You may also choose to designate your gift to another university fund or initiative that is meaningful to you. Simply select your designation on the online form, and remember to include your class year in the special instructions section.
More than 85% of Case Western Reserve’s student body receives some form of financial aid, including scholarships and awards funded by university donors.
Thanking your scholarship donor
With students’ help, the Donor Relations and Financial Aid teams are able to thank the individuals, corporations and foundations whose generosity fuels learning at CWRU. Donor Relations will email you in the middle of each semester with details on writing and submitting thank-you letters.
Many donors share how meaningful it is to receive students' messages of gratitude. In addition to writing a thank-you letter, students can show their appreciation and honor donors by using the name of endowment funds in an email signature and by listing award titles on a resume (see examples below).
For feedback before submitting your letter, email firstname.lastname@example.org, or make an appointment with the Writing Resource Center for one-on-one writing help.
How to list your scholarship or award on a resume
Honors and Awards
- Joseph F. Smith Endowment Fund Scholar, CWRU 2019–2022
- Mary Ellen Innovation Fund Scholar, CWRU 2018–2019
- Steven Alexander Memorial Endowment Fund, CWRU 2018–2019
How to list your scholarship or award in your email signature
Joseph H. Smith Endowment Fund Scholar, Case Western Reserve University
A stewardee for an endowed scholarship fund may be the original donor or someone who has an interest in the fund, such as a spouse, family member or legal manager of the fund. For simplicity, we refer to all parties as stewardees.
Permanently invested by Case Western Reserve University, endowed funds generate income which is used for a purpose specified by the donor, such as scholarships or academic awards. Unlike scholarships established with current use funds, endowed funds distribute a percentage of annual investment income for scholarships. This method ensures a permanent legacy for donors and enduring support for students.
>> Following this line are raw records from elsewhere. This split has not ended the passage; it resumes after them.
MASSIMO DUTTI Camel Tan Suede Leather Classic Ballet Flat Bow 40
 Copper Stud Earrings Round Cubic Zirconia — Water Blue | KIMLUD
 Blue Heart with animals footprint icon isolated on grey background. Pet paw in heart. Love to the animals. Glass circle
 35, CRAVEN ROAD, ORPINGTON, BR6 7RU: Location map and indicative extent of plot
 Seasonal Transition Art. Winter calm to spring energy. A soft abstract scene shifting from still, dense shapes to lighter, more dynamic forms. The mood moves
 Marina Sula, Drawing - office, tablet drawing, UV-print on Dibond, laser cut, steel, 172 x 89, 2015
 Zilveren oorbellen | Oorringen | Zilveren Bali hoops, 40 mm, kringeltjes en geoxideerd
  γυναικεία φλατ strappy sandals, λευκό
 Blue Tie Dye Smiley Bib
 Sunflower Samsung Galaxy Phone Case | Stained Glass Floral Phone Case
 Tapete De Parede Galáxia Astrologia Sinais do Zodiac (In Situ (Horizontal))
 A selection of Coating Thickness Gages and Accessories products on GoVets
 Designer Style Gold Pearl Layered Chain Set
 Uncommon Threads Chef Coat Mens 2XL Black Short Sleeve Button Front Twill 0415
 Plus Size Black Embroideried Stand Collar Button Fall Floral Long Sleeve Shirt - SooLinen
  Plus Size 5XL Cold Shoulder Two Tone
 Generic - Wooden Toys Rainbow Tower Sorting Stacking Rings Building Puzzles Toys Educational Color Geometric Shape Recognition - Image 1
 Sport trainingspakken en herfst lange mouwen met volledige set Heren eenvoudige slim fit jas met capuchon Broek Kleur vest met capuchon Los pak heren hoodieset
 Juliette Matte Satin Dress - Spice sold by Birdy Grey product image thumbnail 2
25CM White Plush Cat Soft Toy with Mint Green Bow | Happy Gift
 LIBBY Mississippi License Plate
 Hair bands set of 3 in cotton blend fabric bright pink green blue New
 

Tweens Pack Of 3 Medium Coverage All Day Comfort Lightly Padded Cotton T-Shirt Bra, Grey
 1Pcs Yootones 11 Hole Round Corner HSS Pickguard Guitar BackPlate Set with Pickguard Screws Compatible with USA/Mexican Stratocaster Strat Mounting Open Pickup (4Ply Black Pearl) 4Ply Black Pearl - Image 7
Yes! Deadlines are provided for mailing efficiency and to ensure timely communications with stewardees—many of whom look forward to receiving their thank-you letters. Please follow the same instructions provided in the request email, even if you miss the preferred deadline, and contact our office for more information or assistance.
I'm on co-op this semester and am not receiving financial aid; should I still write a thank-you letter?
Yes. Even though you are on co-op this semester, we still request letters from students since funds were (or will be) received at some time during the academic year.
I don't know what fund(s) I have received or the name of the donor(s). Is it possible to receive this information before I write a letter?
Yes. Due to the volume of students receiving scholarship support, specific fund information is not included in thank-you letter requests. However, we are happy to share the names of funds and stewardees. Please email email@example.com.
Donor Relations handles all communications with the stewardees of the endowed scholarship funds, while Financial Aid manages all of the financial aid packages. All inquiries into the specifics of a financial aid package should be directed to firstname.lastname@example.org or 216.368.4530.
Just as we keep student information confidential, we maintain our commitment to donors and keep their contact information private. Some of Case Western Reserve's scholarship stewardees express an interest in meeting with or sending letters to the student recipients of their fund, in which case Donor Relations will reach out to you directly to discuss your preference.
My school has me write a thank-you note to my donor(s) already; should I still send Donor Relations a thank-you letter?
Yes. Many students receive support from multiple endowed scholarship funds. To be sure all stewardees receive a letter from you, please share your thank-you note with Donor Relations using the instructions provided.